Later, in the 2000s, the Matrix trilogy became a new word in film production. The third film in the franchise was the first film whose premiere took place simultaneously in cinemas of all major world cities on November 5, 2003, taking into account the time difference in different time zones. For this, for example, the film had to premiere in Tokyo no later than 11 p.m., and be launched in Los Angeles at 6 a.m.

Братья Вачовски

And a few years later it became clear that the trilogy of brothers Larry and Andy Wachowski pales in comparison to what they did to themselves in real life. Larry Wachowski, a brutal man by appearance, and even married, later admitted that he always felt like a woman, hated his male body and because of this was close to suicide more than once. Finally, in 2003, he (or was it she?) came out, got divorced, changed his gender, became Lana Wachowski - and then married again, to the owner of a BDSM club, dominatrix Karin Winslow. Andy Wachowski, who experienced the same problems as his brother, held out with coming out for another ten years - and did it only under the threat of journalists that they would do it for him. In the end, he became Lilly Wachowski, but as some Western media wrote a few years ago, he, unlike Lana, has problems with his new self-identification. There was even a version that this is why (supposedly, Lilly is depressed) Lana filmed the fourth film of the franchise "The Matrix: Resurrection" alone.

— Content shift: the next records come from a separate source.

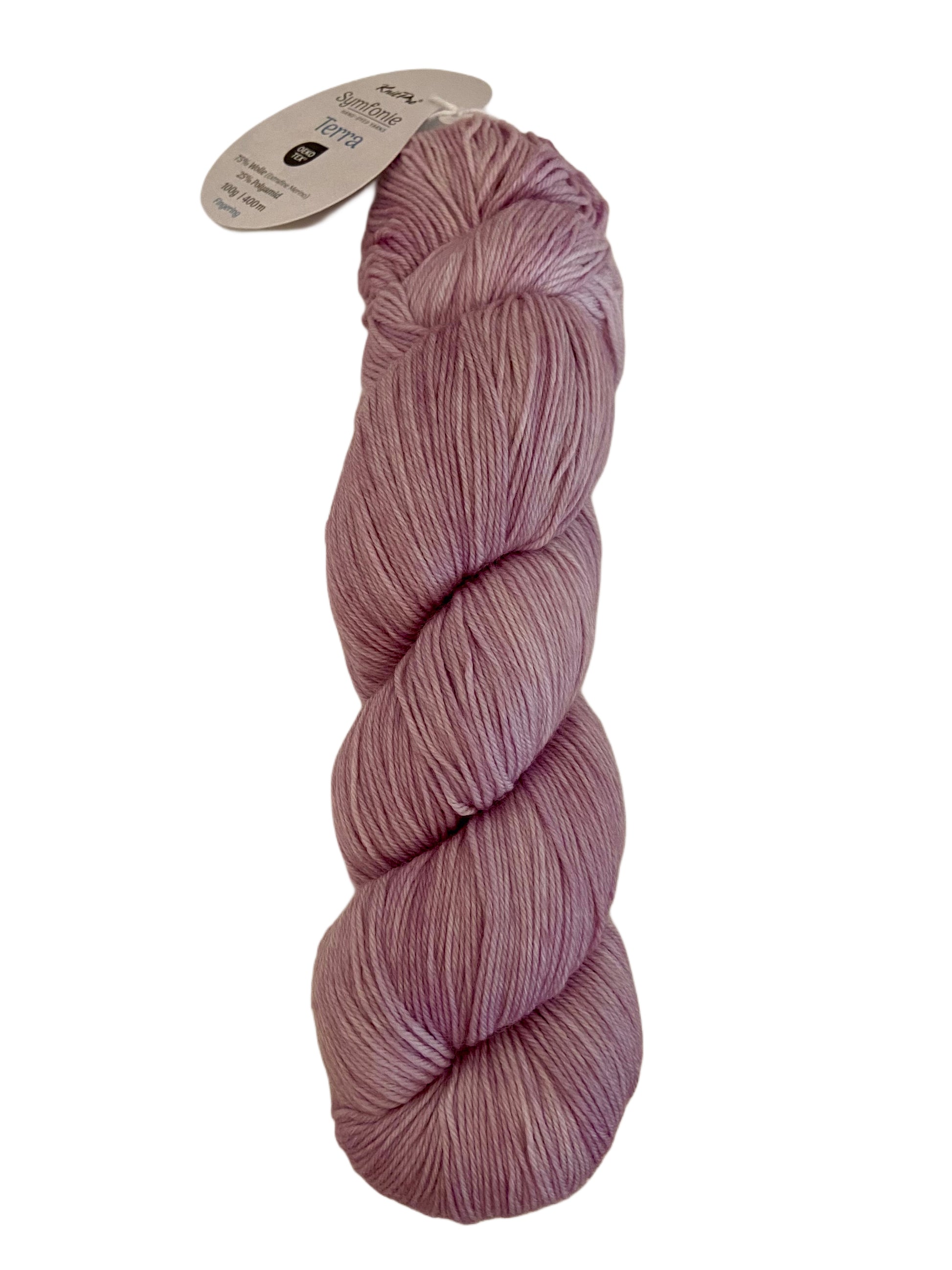 Knit Pro Symfonie Terra handgefärbt (17,50€ / 100g)
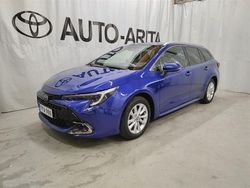 Sininen Käytetty 2024 Toyota Corolla Active Farmari | 33 500 € (Kallis)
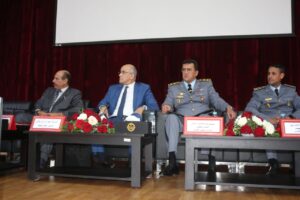 ضباط الدرك الملكي 1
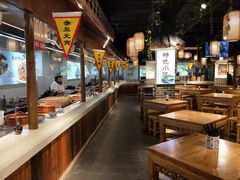 自助取餐区-老城南.鸭血粉丝汤(夫子庙店)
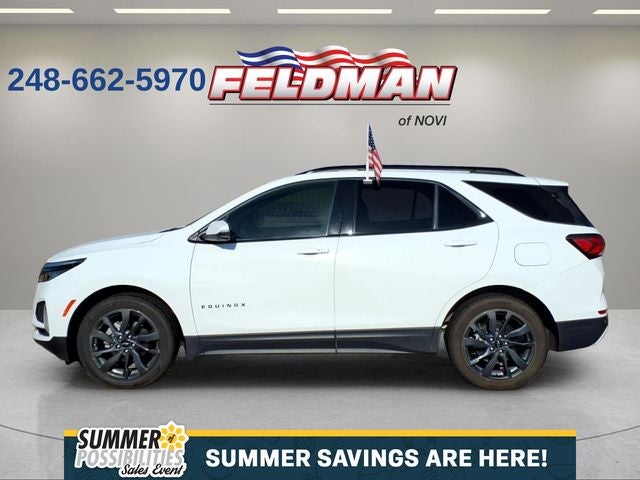 2024 Chevrolet Equinox RS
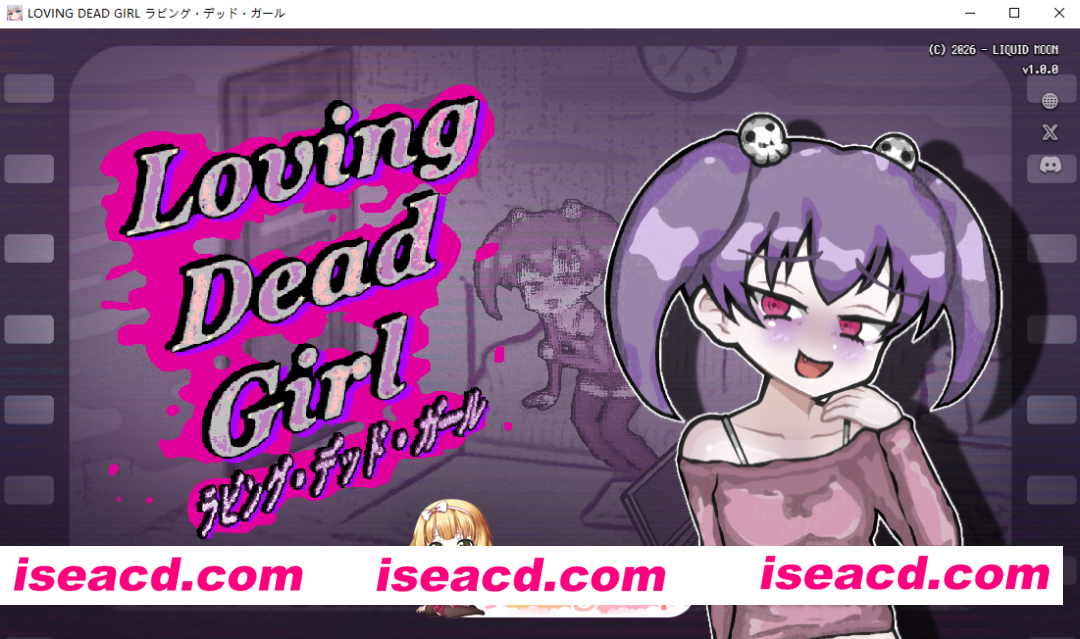 [SLG]  [微云/FM]恋尸少女/与僵尸娘的同居/AI汉化+动态 pc [856m]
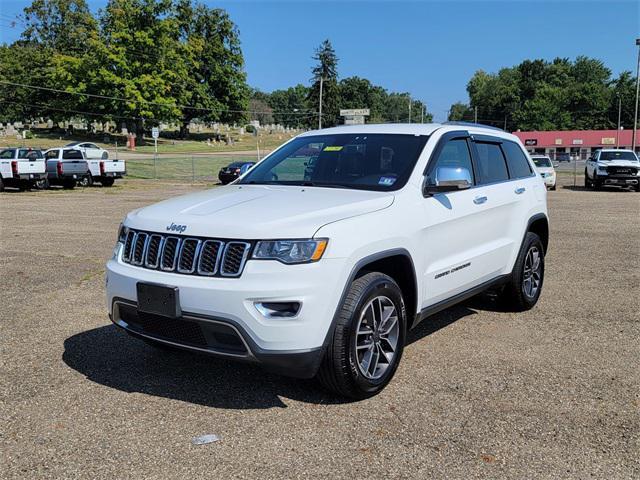 used 2019 Jeep Grand Cherokee car, priced at $23,995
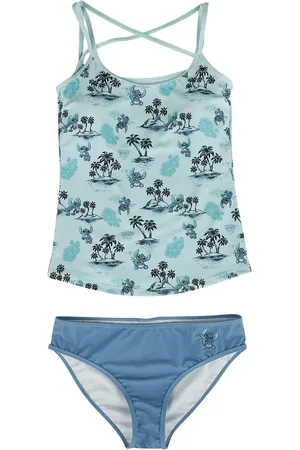 Disney Disney Bikinisetti - Funny - S- XXL - varten Naiset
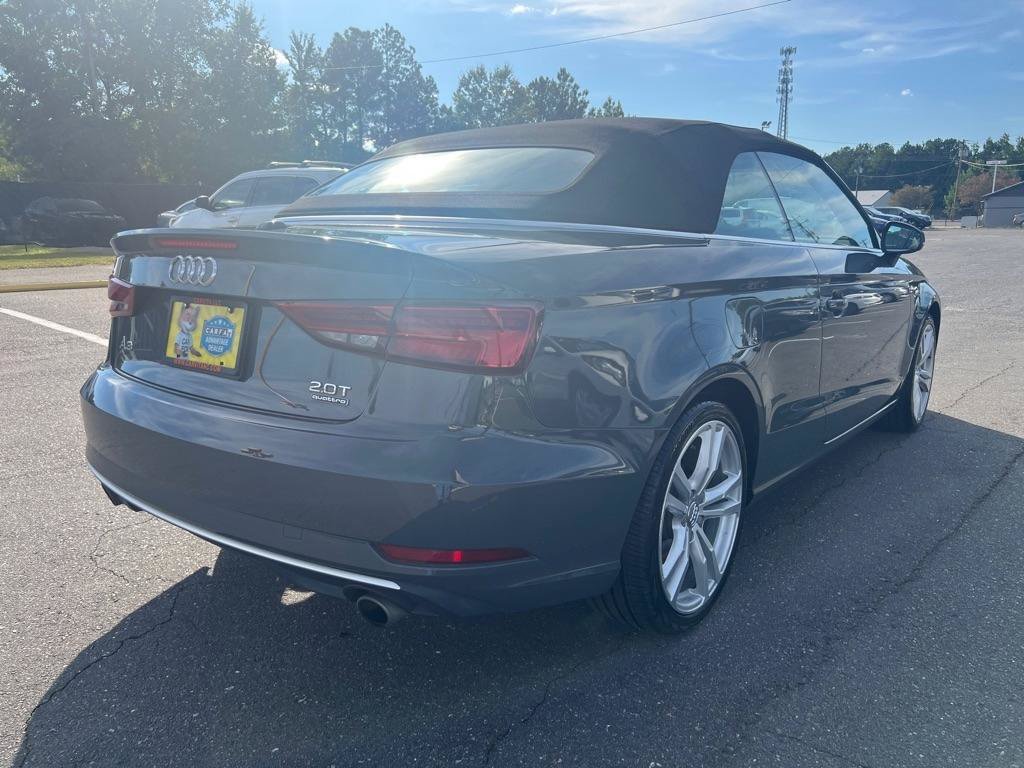 Used 2018 Audi A3 2.0T Premium w/ Convenience Package AWD/4WD image 4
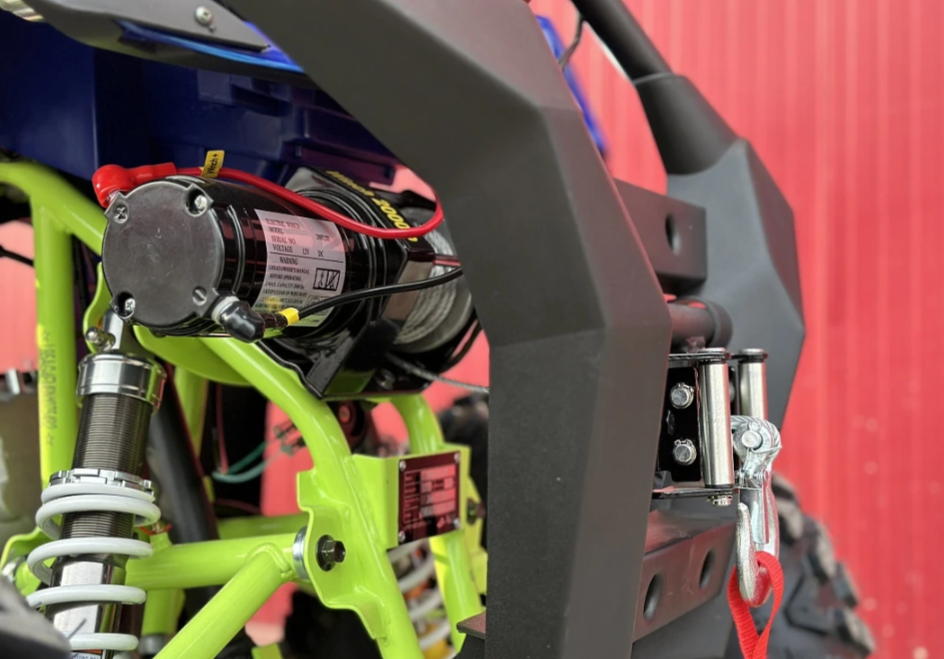  Квадроцикл PROMAX ATV 250 MAX (2025) в Сочи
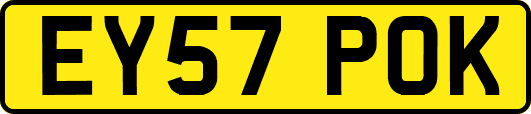 EY57POK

Thus, the personal origins of the theme of "The Matrix" became clear - could Lana and Lilly, being still men, perceive their own lives in bodies that they hated as reality? And couldn't it seem to them that they live in these male bodies as in "The Matrix", from which they need to break out into the real world?

Returning to the end of the nineties and the beginning of the noughties, we note that "The Matrix" became a rare example of the interpenetration of "mass" and "high" cultures. It is no coincidence that the most popular philosopher of that time, Slavoj Zizek, took the title of his book of that time, Welcome to the Desert of the Real, from it.

And although the film has already become a fact of history, some scenes in it still look as if they were filmed today.